Before you read this, I suggest you read post 21.9.
In post 21.9, we saw how cells can divide to produce copies of themselves during growth or to replace old cells in a process called mitosis. During mitosis, chromosomes appeared in the cell nucleus. These chromosomes appeared in pairs, so we can say that each cell contains 2n chromosomes where n is an integer (whole number). In humans n = 23, so a human cell has 46 chromosomes.
Each chromosome in a pair is almost identical, except in men who have one pair of non-identical XY chromosomes. So, we could consider that men have 2(n – 1) + XY chromosomes. Then women have 2(n – 1) + XX chromosomes.
A few people are exceptions to what I have written in the previous two paragraphs. But I am going to concentrate on the majority of people so that we can understand meiosis and its consequences.
Meiosis is a form of cell division that produces specialist cells called gametes that have n chromosomes. The male gamete is called the sperm and can have (n – 1) + X or (n – 1) + Y chromosomes. The female gamete is called the ovum and has (n – 1) + X.
When a sperm fertilises an ovum, a new cell is produced. This new cell could have
(n – 1) + X + (n – 1) + X = 2(n – 1) + XX
chromosomes, so it is a female cell. Or it could have
(n – 1) + Y + (n – 1) + X = 2(n – 1) + XY
chromosomes, so that it is a female cell.
These new cells then divide, by the process of meiosis, to produce a foetus (sometimes spelt fetus) and finally an embryo that is more recognisably human, before the birth of a girl (starting from a 2(n – 1) + XX cell) or a boy (starting from a 2(n – 1) + XY cell).
According to this simple model the probability of a baby being a boy is equal to its probability of being a girl, 50%. We would then expect equal numbers of boys and girls to be born. But other factors could influence the result; there could be a difference in the ability of X and Y sperm to fertilise an ovum or the embryo of one sex could be more viable than the other. But we would still expect about 50% of babies to be boys and about 50% to be girls – which is what we observe.
There are now two strong reasons to suspect that chromosomes contain genes: (1) they determine whether a baby will be a boy or a girl and (2) the chromosomes in a baby are a mixture of those from the father and the mother.
The picture above shows the stages involved in meiosis. Stage 1 starts with a cell about to divide so that the chromosomes appear in its nucleus. I have drawn two chromosomes – one red, the other blue. In stage 1, these chromosomes are converted into two chromatids, just as in mitosis. In stage 2, the two chromatids exchange some of their material – in a process called crossing-over. At the same time, the cell and its nucleus divide into two (not shown). Finally, in stage 3, these cells and the nuclei they contain, divide to produce four gametes, each with one chromosome. I have simplified the description of meiosis to emphasise the underlying principles and to aid comparison with mitosis as described in post 21.9. Crossing over leads to the production of more types of chromosomes; there are now red/blue and blue/red as well as the original red and blue.

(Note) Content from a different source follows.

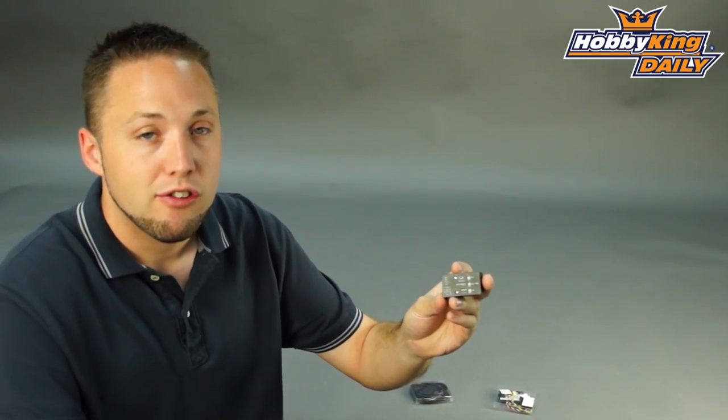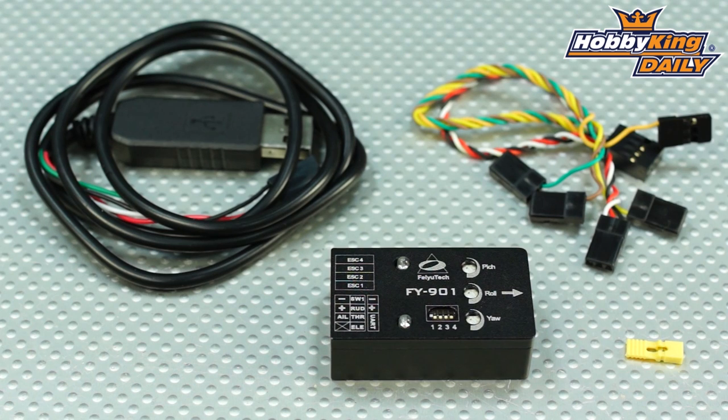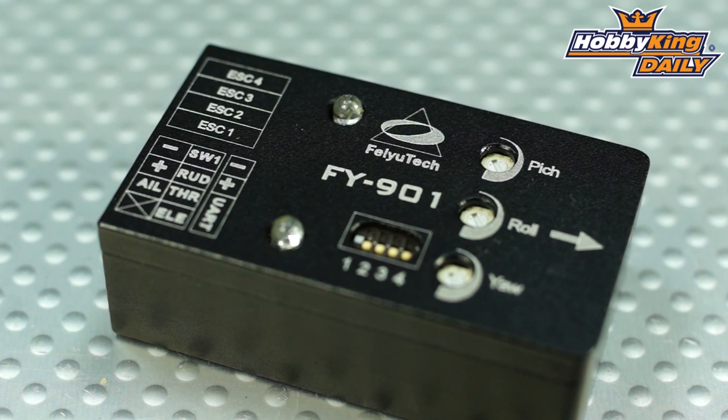You'll want to check the product specifications out in the item listing. It's going to be on the new items page very soon, so keep your eye out for it. It comes with all the accessories that you need, the mounting tape and everything for your craft — literally everything you need to get your multi-rotor flying. Check it out, guys. Thanks for watching. Be sure to subscribe to our YouTube channel as well.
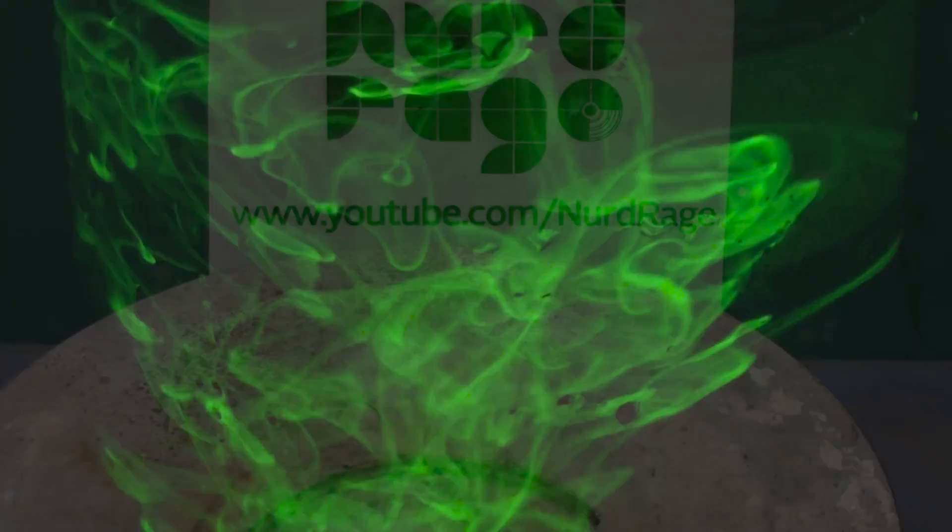Greetings fellow nerds. In this video we're going to make fluorescein, a strongly fluorescent chemical.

Most of these ideas were developed by the American biologist Thomas H Morgan (1866-1945) who performed selective breeding experiments on the fruit-fly (Drosophila melanogaster). Why did he do experiments on fruit-flies? Because they breed quickly, enabling him to study many generations in a short time. He could explain the sex and eye colour of his flies if chromosomes contained genes and crossing-over occurred. Note that his experiments did not prove that chromosomes contain genes because experiments cannot prove that a hypothesis is true – only that it is false, as explained in post 16.3. But the best explanation of our observations (see post 16.2) is that chromosomes contain genes.